Одна из важнейших задач современной юриспруденции - разработать системно-логически безупречное правовое и законодательное обеспечение процесса освоения околоземного космического пространства. В этой области важнейшую роль будет играть интеллектуальное право.

Решение всего комплекса проблем будущего человечества требует осуществить очередной качественный скачок в развитии последнего. Сейчас много говорят о том, что таким скачком является информатизация. Но необходимо нечто большее: организация информационно-сотового гражданского общества с правовым государством в виде его подсистемы. Под последним понимается вовсе не то "правовое государство", в котором неукоснительно соблюдаются законы, а такой механизм управления обществом, который законодательно признаёт себя (т.е. государство) равнозначным субъектом права с "собственным" гражданином.
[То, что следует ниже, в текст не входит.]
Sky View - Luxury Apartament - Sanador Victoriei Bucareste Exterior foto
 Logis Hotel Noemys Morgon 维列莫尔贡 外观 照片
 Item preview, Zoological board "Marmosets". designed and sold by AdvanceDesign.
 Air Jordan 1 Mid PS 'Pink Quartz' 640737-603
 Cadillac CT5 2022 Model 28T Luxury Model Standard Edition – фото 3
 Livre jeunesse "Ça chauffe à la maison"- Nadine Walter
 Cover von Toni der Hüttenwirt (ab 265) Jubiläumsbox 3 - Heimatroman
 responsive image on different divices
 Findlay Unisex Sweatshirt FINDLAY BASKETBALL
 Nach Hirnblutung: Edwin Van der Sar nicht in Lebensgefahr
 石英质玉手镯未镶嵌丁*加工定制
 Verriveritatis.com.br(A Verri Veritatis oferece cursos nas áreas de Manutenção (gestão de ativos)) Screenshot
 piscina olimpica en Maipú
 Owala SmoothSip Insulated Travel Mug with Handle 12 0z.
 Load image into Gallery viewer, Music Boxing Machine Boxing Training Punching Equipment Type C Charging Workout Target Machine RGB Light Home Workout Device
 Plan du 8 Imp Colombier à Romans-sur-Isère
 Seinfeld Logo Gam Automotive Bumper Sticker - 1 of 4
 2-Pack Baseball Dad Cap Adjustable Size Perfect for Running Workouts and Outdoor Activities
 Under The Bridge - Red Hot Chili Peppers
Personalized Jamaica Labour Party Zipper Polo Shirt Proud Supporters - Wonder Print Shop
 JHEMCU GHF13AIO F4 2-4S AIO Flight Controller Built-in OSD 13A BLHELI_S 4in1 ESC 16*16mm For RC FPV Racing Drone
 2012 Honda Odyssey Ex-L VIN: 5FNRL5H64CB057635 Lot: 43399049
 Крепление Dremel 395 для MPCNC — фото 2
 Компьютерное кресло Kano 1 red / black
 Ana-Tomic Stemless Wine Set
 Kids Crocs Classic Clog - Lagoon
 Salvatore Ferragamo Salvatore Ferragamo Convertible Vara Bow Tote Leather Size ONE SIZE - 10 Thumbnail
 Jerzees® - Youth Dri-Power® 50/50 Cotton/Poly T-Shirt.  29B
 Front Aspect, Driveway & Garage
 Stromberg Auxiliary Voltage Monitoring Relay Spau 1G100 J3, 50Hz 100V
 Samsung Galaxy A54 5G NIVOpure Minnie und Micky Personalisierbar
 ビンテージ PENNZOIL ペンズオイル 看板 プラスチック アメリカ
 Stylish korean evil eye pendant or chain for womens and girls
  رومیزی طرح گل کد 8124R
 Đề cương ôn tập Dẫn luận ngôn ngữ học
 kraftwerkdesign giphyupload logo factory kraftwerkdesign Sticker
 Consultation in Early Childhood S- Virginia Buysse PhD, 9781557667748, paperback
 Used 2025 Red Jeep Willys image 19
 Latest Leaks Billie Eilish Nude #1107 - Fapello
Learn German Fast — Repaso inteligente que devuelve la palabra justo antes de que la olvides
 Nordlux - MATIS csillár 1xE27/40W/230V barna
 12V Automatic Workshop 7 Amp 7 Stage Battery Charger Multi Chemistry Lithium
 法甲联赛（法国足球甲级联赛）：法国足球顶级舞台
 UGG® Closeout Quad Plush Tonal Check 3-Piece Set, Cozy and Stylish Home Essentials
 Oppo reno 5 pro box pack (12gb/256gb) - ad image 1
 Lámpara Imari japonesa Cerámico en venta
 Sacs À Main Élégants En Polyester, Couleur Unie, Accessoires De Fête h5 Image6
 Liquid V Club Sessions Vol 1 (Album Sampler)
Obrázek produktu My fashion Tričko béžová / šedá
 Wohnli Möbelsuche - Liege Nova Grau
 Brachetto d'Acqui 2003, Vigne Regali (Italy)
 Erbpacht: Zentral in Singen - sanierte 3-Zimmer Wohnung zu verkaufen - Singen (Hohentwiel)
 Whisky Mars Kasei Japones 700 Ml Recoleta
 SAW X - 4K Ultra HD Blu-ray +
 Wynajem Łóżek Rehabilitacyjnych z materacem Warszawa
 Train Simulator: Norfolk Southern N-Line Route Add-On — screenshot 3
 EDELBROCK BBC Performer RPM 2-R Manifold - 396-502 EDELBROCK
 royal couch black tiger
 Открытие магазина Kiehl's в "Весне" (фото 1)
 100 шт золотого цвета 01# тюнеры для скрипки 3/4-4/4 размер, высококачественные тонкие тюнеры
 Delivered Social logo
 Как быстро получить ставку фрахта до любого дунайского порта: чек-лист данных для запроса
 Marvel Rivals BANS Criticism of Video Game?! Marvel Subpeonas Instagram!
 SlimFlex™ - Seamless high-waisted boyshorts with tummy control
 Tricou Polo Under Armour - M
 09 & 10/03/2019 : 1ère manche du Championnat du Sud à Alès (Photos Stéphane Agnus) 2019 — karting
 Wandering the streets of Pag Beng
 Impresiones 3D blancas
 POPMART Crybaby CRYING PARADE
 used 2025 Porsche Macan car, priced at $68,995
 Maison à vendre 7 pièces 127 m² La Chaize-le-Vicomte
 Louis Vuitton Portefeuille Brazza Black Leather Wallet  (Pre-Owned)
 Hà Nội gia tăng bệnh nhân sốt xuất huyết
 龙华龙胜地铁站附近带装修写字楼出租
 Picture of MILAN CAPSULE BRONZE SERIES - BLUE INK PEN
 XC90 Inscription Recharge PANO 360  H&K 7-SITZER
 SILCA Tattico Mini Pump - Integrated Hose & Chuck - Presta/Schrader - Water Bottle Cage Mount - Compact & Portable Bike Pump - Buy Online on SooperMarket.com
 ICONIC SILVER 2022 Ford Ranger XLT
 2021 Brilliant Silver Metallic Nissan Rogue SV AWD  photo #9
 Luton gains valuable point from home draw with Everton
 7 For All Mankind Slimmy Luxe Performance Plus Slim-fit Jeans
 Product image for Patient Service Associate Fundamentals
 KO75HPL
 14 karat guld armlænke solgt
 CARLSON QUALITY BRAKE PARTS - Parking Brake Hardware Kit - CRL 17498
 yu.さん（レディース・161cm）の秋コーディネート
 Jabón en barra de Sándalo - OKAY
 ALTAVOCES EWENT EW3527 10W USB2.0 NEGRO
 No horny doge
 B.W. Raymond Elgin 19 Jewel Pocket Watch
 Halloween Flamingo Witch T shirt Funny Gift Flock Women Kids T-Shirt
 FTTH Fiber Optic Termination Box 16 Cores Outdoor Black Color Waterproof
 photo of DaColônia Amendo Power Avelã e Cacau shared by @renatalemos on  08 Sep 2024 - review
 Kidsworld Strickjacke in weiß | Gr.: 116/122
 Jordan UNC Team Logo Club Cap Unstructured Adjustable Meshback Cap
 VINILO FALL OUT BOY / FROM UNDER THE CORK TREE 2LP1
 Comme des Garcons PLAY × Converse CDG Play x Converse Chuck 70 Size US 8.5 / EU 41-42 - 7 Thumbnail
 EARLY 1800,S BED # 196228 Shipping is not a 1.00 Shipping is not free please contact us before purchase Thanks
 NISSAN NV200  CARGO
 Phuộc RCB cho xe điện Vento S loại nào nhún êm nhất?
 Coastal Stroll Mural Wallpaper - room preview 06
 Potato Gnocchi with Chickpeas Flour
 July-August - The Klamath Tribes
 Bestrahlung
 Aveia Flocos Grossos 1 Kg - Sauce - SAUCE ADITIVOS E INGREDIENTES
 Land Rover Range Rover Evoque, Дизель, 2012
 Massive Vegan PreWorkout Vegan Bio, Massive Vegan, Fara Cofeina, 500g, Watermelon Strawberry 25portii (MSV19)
Система научных и массовых коммуникаций должна самоорганизоваться в первую ветвь механизма власти - концептуальную. Этой ветви общество доверяет определение конечных целей в развитии государства и общества в целом, оптимизацию путей к этим целям, определение всех условий и ограничений, налагаемых обществом на своё государство. Образно говоря, концептуальная власть разрабатывает все "направляющие косинусы" для законодательной ветви, определяет стратегию управления обществом. В стратегическом плане все остальные ветви государства (судебная, законодательная, исполнительная) подчиняются концептуальной власти. Президент (если эта государственная фигура будет признана полезной на всенародном референдуме) квалифицируется как глава исполнительной власти, причём последней законодательно запрещается какое-либо законотворчество (например, в виде "указов президента"). Оптимальными путями к конечным целям общества признаются только те, которые обеспечивают заданную вероятность достижения поставленной цели при наименьших возможных потерях в людях, невосполнимых природных ресурсах и в международном престиже. Главной целью экономики признаётся одновременное (т.е. не за счёт друг друга) удовлетворение на научно обоснованном уровне всех вещественных, духовных и экологических потребностей общества. Отвергаются такие критерии, как "валовой национальный продукт" и "национальный доход"; единственным интегральным критерием эффективности экономики признаётся средняя продолжительность жизни.